The ANSI (American National Standards Institute) character set maps

the letters and numerals in the same manner as ASCII. However, ANSI

does not support control characters and it maps many symbols,

including accented letters, that are not mapped in standard ASCII. All

Windows fonts are defined in the ANSI character set.

An OEM (original equipment manufacturer) code page is built into the

computer hardware. There are a number of OEM code pages, each defined

for a particular language. These code pages are referred to by a

number; for example, code page 437 is installed in the original IBM PC

computer.

MS-DOS uses code pages to change the available character set, depending

on user preference. A code page change is implemented by programming a

new character set into the video display hardware. By changing to the

code page for a particular language, the accented characters

appropriate to that language are made available. Each code page is

limited to 256 symbols.

For each code page, MS-DOS maintains a mapping table to map lowercase

characters to and from uppercase. Because all string parameters to

MS-DOS (filenames) are implicitly coded in the current code page,

when the table is changed, filenames that were accessible under one

case mapping may not be available under another. However, the common

code pages were designed to combat this problem.

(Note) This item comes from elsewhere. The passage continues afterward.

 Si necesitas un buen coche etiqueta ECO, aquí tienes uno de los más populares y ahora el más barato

Windows runs as an extension to MS-DOS. There is a mapping layer that

translates between the ANSI character set and an OEM character set.

When Windows is installed, the Setup program determines the installed

character set and installs the corresponding ANSI-OEM translation

tables and Windows OEM fonts.

If the user changes the current MS-DOS code page, Windows does not

change its ANSI-OEM mapping tables automatically. It is necessary to

run the Windows Setup program to modify these tables and to load the

corresponding fonts.

Windows applications must use the Windows functions AnsiToOem and

OemToAnsi when transferring information to and from MS-DOS. In

addition, applications must use the correct character set when

creating filenames.

There is no one-to-one mapping between the ANSI and OEM character

sets. Applying the AnsiToOem function followed by the OemToAnsi

function to a given string will not always result in the original

string. A file that has been named with one of these strings cannot

be accessed by any Windows application. The filename must be changed

by the user from outside of Windows.

The following two scenarios may have differing results.

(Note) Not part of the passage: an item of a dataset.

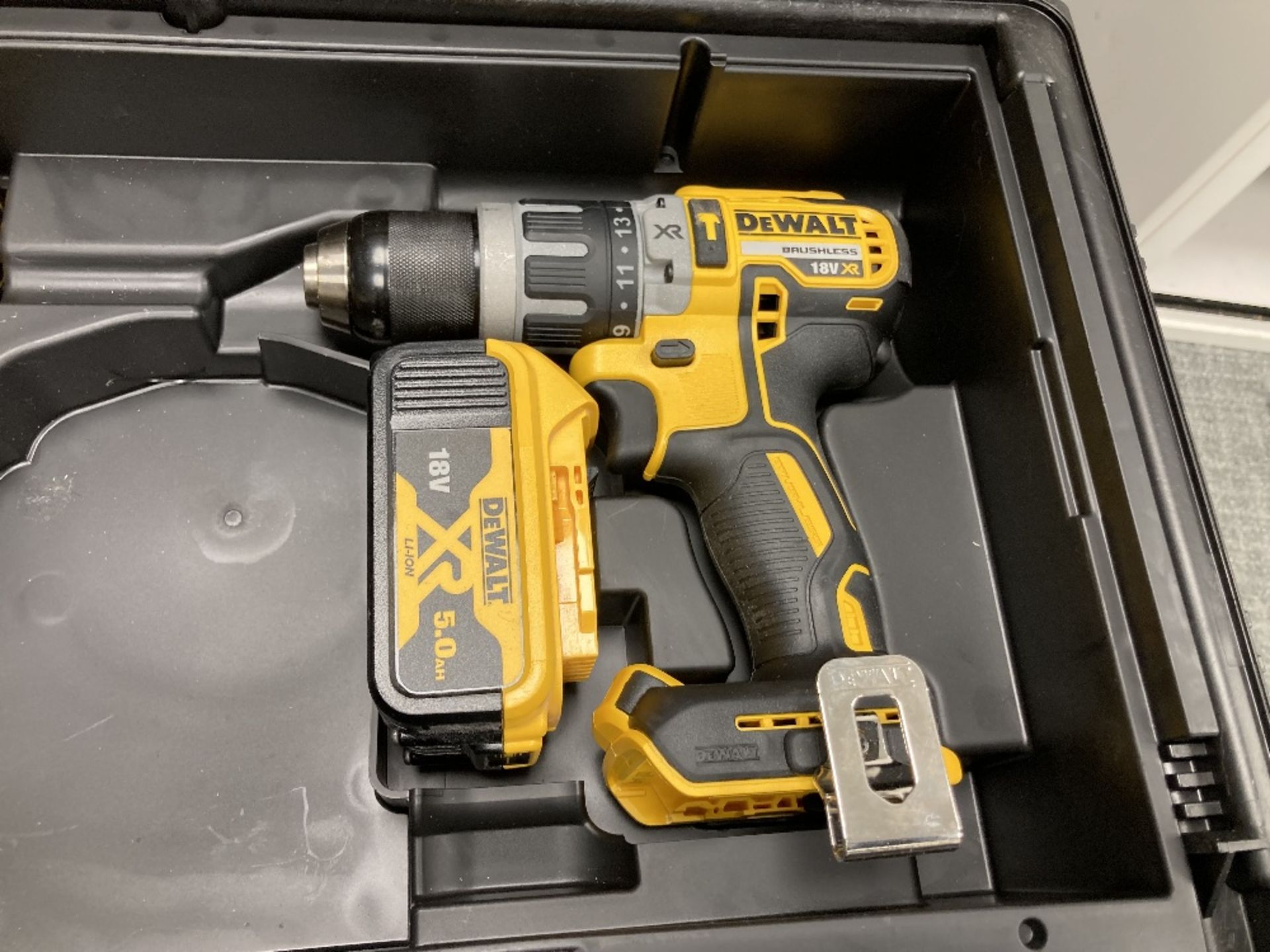 DeWalt DCK266P2-GB 18V XR Brushless Combi Drill & Impact Driver Twin Kit with 2x 5.0Ah Batteries - Image 3 of 4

Scenario 1: A lowercase ANSI string is passed to the AnsiToOem

function. The result is passed to MS-DOS, which maps the string to

uppercase.

Scenario 2: An uppercase ANSI string is passed to the AnsiToOem

function. The string is passed to MS-DOS.

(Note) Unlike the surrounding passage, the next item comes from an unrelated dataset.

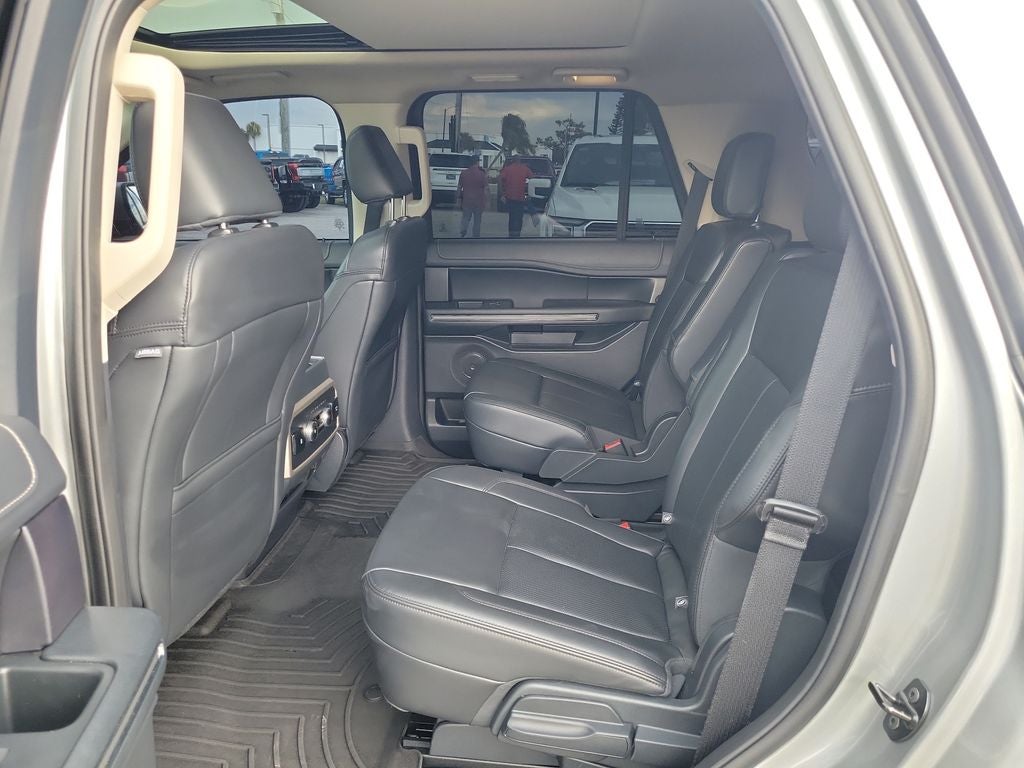 2024 Ford Expedition XLT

This is caused by the fact that the MS-DOS lowercase to uppercase

conversion mapping and the Windows ANSI case conversion do not match.

To avoid this problem, use the AnsiUpper function to convert the

ANSI string to uppercase before passing it to the AnsiToOem

function. Also note, this is only a problem with extended characters.

These problems are often overlooked until your customers call to

complain.

Keep in mind that both ANSI and OEM are 8-bit character sets. In

applications, always use the "unsigned char" type instead of "signed

char" for character variables. Problems that result from using "signed

char" are very hard to track.

The SYSTEM.INI file contains entries that relate to code pages. In the

[boot] section, the OEMFONTS.FON line specifies the file that contains

the OEM stock font. In the [keyboard] section, the OEMANSI.BIN line

specifies the ANSI-OEM translation table. If this line is blank,

Windows uses the default table built into the keyboard driver. In the

[enh] section, the *WOA.FON lines specify the fonts used in a MS-DOS

window at various resolutions.

Windows does not provide any mechanism for an application to work with

data that is not in the current MS-DOS code page, nor does Windows

recognize changing the OEM code page in a MS-DOS window. However, an

application is free to provide its own translation tables and provide

a data format that includes the code page.